Question

A body accelerates from rest and travels 'S₁' in 't' seconds . It travels uniformly with acquired velocity for next 't' seconds and covers 'S₂'.Then

Answer 1

Given,

A body accelerates from rest and travels S₁ in t seconds.

After that it travels uniformly with acquired velocity for next t second and covers S₂.

To Find :

Relation between S₁ and S₂.

During first t seconds, body is moving with constant acceleration means velocity will vary with time.
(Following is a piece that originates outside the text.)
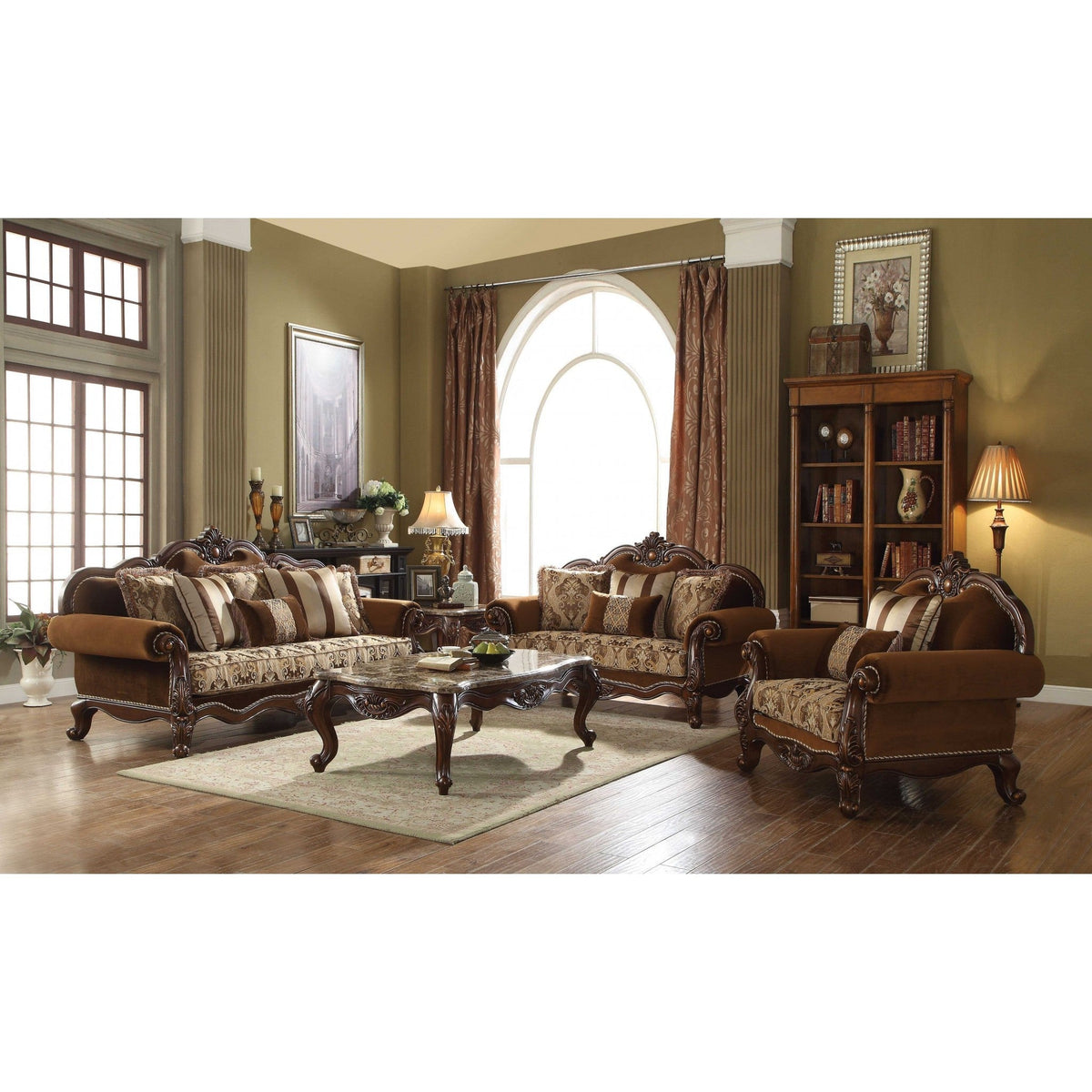 HMS 37\" Brown Velvet Floral Club Chair with Comforable Toss Pillows Accent Chair for Home Office Home Furniture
Let acceleration of body be a.

Initial velocity of body is zero.

Let's apply second equation of kinematics.

➙ S₁ = ut + 1/2 at²

➙ S₁ = (0 × t) + 1/2 at²

➙ S₁ = 1/2 at² ..... (i)

Final velocity of body after time t :

➝ v = u + at

➝ v = 0 + at

➝ v = at

Final velocity of first case will be initial velocity of second case. In this case body is moving with a constant velocity

⇒ velocity = distance / time

⇒ at = S₂ / t

⇒ S₂ = at² ..... (ii)

Taking ratio of (i) & (ii), we get

⇒ S₁ / S₂ = \(\frac {1}{2}\,\frac{at^2}{at^2}\)

⇒ S₁ / S₂ = 1/2

⇒ S₂ = 2S₁